• Data records
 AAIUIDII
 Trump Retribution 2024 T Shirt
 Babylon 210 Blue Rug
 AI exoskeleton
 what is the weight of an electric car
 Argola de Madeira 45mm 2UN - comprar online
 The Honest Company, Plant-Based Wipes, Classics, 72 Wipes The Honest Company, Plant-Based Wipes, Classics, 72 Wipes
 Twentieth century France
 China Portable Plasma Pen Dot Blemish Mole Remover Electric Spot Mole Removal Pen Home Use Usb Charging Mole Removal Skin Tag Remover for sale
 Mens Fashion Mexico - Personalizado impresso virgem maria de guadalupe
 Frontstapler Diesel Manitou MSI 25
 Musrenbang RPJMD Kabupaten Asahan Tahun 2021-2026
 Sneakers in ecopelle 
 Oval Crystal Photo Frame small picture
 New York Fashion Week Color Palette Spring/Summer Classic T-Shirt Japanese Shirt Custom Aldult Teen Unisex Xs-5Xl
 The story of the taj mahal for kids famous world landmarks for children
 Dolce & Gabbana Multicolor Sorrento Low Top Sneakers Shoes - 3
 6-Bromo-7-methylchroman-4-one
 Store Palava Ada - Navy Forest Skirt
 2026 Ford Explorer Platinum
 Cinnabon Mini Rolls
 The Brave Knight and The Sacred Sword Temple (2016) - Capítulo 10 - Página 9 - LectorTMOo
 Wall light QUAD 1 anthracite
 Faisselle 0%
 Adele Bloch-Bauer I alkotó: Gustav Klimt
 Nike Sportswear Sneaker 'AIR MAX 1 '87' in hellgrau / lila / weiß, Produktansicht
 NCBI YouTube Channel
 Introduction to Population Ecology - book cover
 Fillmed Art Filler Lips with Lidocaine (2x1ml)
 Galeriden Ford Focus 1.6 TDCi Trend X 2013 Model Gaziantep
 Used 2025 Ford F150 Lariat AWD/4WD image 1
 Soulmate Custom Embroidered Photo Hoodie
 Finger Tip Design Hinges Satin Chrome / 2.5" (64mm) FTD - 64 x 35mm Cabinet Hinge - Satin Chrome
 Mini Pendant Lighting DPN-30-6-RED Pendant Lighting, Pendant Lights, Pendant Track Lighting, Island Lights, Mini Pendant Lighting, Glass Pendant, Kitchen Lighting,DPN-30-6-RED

• Work instruction
Type out the material above once more, exactly.

• Solution to this problem
 AAIUIDII
 Trump Retribution 2024 T Shirt
 Babylon 210 Blue Rug
 AI exoskeleton
 what is the weight of an electric car
 Argola de Madeira 45mm 2UN - comprar online
 The Honest Company, Plant-Based Wipes, Classics, 72 Wipes The Honest Company, Plant-Based Wipes, Classics, 72 Wipes
 Twentieth century France
 China Portable Plasma Pen Dot Blemish Mole Remover Electric Spot Mole Removal Pen Home Use Usb Charging Mole Removal Skin Tag Remover for sale
 Mens Fashion Mexico - Personalizado impresso virgem maria de guadalupe
 Frontstapler Diesel Manitou MSI 25
 Musrenbang RPJMD Kabupaten Asahan Tahun 2021-2026
 Sneakers in ecopelle 
 Oval Crystal Photo Frame small picture
 New York Fashion Week Color Palette Spring/Summer Classic T-Shirt Japanese Shirt Custom Aldult Teen Unisex Xs-5Xl
 The story of the taj mahal for kids famous world landmarks for children
 Dolce & Gabbana Multicolor Sorrento Low Top Sneakers Shoes - 3
 6-Bromo-7-methylchroman-4-one
 Store Palava Ada - Navy Forest Skirt
 2026 Ford Explorer Platinum
 Cinnabon Mini Rolls
 The Brave Knight and The Sacred Sword Temple (2016) - Capítulo 10 - Página 9 - LectorTMOo
 Wall light QUAD 1 anthracite
 Faisselle 0%
 Adele Bloch-Bauer I alkotó: Gustav Klimt
 Nike Sportswear Sneaker 'AIR MAX 1 '87' in hellgrau / lila / weiß, Produktansicht
 NCBI YouTube Channel
 Introduction to Population Ecology - book cover
 Fillmed Art Filler Lips with Lidocaine (2x1ml)
 Galeriden Ford Focus 1.6 TDCi Trend X 2013 Model Gaziantep
 Used 2025 Ford F150 Lariat AWD/4WD image 1
 Soulmate Custom Embroidered Photo Hoodie
 Finger Tip Design Hinges Satin Chrome / 2.5" (64mm) FTD - 64 x 35mm Cabinet Hinge - Satin Chrome
 Mini Pendant Lighting DPN-30-6-RED Pendant Lighting, Pendant Lights, Pendant Track Lighting, Island Lights, Mini Pendant Lighting, Glass Pendant, Kitchen Lighting,DPN-30-6-RED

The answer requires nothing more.